== Aim of the exercise ==
Locate the line that contains "Aufgelassene Tankstelle mit" in the entries below, then repeat it and every following line through the line that contains "Stuart, FL 34997", exactly, and no others.

====== Records for the exercise ======

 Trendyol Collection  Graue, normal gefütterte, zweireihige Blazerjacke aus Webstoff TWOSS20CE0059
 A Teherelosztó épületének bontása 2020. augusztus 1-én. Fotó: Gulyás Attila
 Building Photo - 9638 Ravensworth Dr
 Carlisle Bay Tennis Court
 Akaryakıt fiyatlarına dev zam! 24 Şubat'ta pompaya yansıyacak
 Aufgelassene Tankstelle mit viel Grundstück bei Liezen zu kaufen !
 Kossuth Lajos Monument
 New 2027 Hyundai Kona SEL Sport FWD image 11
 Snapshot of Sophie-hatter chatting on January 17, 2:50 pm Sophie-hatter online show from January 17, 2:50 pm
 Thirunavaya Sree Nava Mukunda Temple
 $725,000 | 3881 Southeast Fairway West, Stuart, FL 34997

======
====== Records for the exercise ======

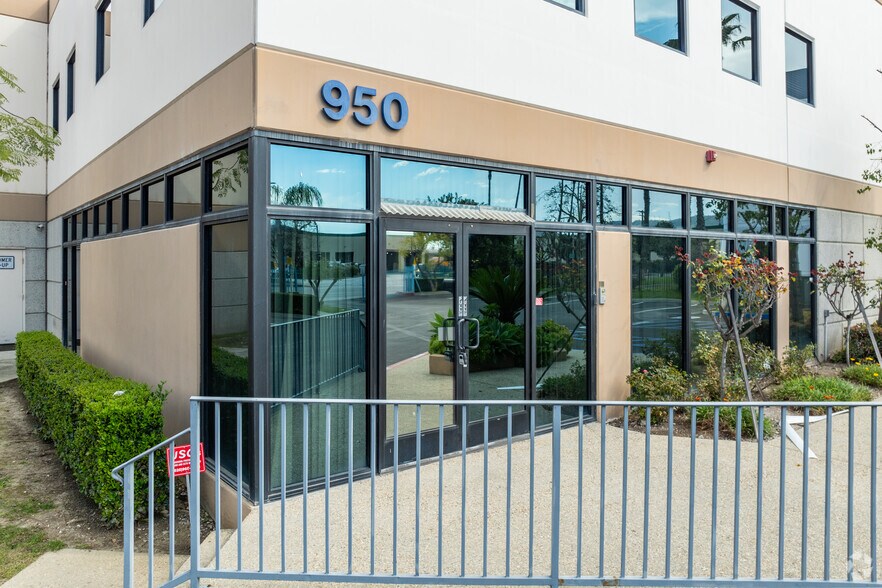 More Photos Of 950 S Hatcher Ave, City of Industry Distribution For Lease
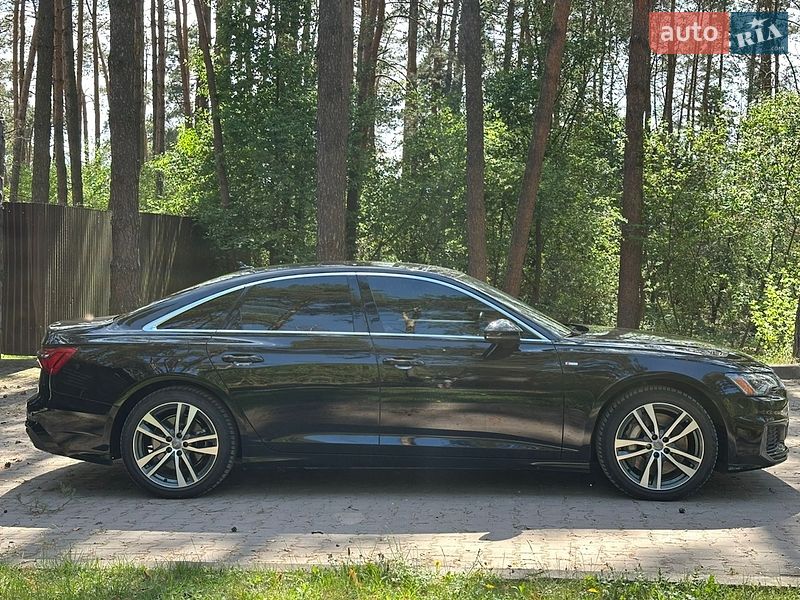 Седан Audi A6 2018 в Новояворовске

======

== Answer section ==
 Aufgelassene Tankstelle mit viel Grundstück bei Liezen zu kaufen !
 Kossuth Lajos Monument
 New 2027 Hyundai Kona SEL Sport FWD image 11
 Snapshot of Sophie-hatter chatting on January 17, 2:50 pm Sophie-hatter online show from January 17, 2:50 pm
 Thirunavaya Sree Nava Mukunda Temple
 $725,000 | 3881 Southeast Fairway West, Stuart, FL 34997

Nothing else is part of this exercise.